風のトポスノート556

 

「もの」と「こと」


2005.6.1.

 

	江藤 「物」というのは、「事」とともに非常に基本的な日本語ではある
	のですが、「物」と「事」が、一体どこで繋がっていて、どう離れている
	のかを考えてみると、古語辞典などを見てもはっきり分からない。「もの」
	というのは、車谷さんが「物の怪」「物狂い」「物心がつく」などといわ
	れたように、輪郭のはっきりしない、正体のさだかでないものをいうらし
	いですね。
	車谷 ええ。実体がつかめない。
	江藤 フワフワァーと何かがあるのは確かなのだけれど、しかしそれはた
	だの気分かというと、そうではない。まさに「もの」なのであって、実体
	ではないかもしれないけれど、なにがしかの実体を含む、輪郭のはっきり
	しない、ある広がりでもあり、それが自分のなかに入ってきたときのやる
	せなさでもある。要するに、限定しにくい。輪郭を恒に曖昧にするものだ
	と思うんです。
	車谷 まさしくそうですね。
	江藤 それに対して「事」というのは同時に「言」でもあるわけです。
	『万葉集』の用字法を見ても、「事」と「言」は、言葉の意味でも事柄の
	意味でも用いられている。
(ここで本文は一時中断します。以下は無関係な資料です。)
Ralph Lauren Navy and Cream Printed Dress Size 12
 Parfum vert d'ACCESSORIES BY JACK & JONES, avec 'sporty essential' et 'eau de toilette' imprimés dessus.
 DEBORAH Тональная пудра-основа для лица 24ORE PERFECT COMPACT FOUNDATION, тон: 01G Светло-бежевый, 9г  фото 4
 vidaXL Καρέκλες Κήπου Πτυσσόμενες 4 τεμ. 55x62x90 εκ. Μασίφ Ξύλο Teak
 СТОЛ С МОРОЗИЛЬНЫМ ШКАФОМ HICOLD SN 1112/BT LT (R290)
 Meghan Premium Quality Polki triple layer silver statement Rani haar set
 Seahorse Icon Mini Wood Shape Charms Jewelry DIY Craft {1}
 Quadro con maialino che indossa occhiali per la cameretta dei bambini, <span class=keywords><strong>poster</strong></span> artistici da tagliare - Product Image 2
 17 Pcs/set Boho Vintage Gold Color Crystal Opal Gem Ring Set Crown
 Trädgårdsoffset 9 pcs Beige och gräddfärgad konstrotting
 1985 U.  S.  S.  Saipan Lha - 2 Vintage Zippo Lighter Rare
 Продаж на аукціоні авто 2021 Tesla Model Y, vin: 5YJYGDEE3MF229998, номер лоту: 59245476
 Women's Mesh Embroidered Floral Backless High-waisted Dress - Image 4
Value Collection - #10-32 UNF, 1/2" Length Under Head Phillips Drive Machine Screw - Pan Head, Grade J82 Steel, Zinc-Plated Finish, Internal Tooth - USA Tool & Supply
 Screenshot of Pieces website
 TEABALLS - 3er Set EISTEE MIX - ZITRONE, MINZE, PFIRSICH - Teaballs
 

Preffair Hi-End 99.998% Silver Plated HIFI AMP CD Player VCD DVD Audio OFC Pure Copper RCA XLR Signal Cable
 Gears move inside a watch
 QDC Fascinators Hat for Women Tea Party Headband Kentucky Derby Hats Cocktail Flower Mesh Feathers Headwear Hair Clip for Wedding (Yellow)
「事」は「言」と同意義になるわけで、当然、
	輪郭ははっきりするんですが、「もの」は輪郭がはっきりしないからこそ、
	逆に文学的であり得るんでしょうね。
	(江藤淳+車谷長吉「私小説に骨を埋める」より
	 車谷長吉『反時代的毒虫』平凡社新書244/2004.10.8.発行 所収)
 
「もの」は「物質」の「もの」だから
唯物論的にいえばはっきりしているはずかとおもいきや、
「もの」は「物の怪」のような、よくわからないものなのである。
実際のところ、物質というのもその正体というのはよくわからない。
 
正体がわからないものを手なずけて使役しようとするものだから、
現代の人間は、逆に「もの」に使われるようになってしまっているのかもしれない。
その「もの」の主とは、ある意味でアーリマンなのだ。
だから、そのアーリマンにとりつかれてしまうと、「物狂い」になってしまう。
 
しかし、その「もの」という外界とある程度ちゃんとつきあえないと
「物心つく」ことさえできないわけで、むずかしいところである。
 
「こと」はまさに「事」であり「言」であり、
日本ではそれは「言霊」となって働くという発想がある。
これは得体の知れない「もの」ではなく、
ある種の魔術のように人にしっかりと影響を与えるものなのだ。
「そんな<こと>はできない!」と叫んでも
その魔術は人を強いることが往々にしてある。
「事実」という「実の事」をつきつけられて逃げられなくなるように。
そして人は「おまえは○○○である」という言葉にとらわれて
自分をその檻に閉じこめて生きてしまうことにもなりかねない。
 
そういう意味では、その「もの」と「こと」がドッキングした
「事物」または「物事」というのは、
人を見えないところと見えるところで規定してしまうものなのかもしれない。
 
そのように「もの」と「こと」は、謎に満ちているが、
謎でありながら私たちからつかず離れず存在する不思議だといえる。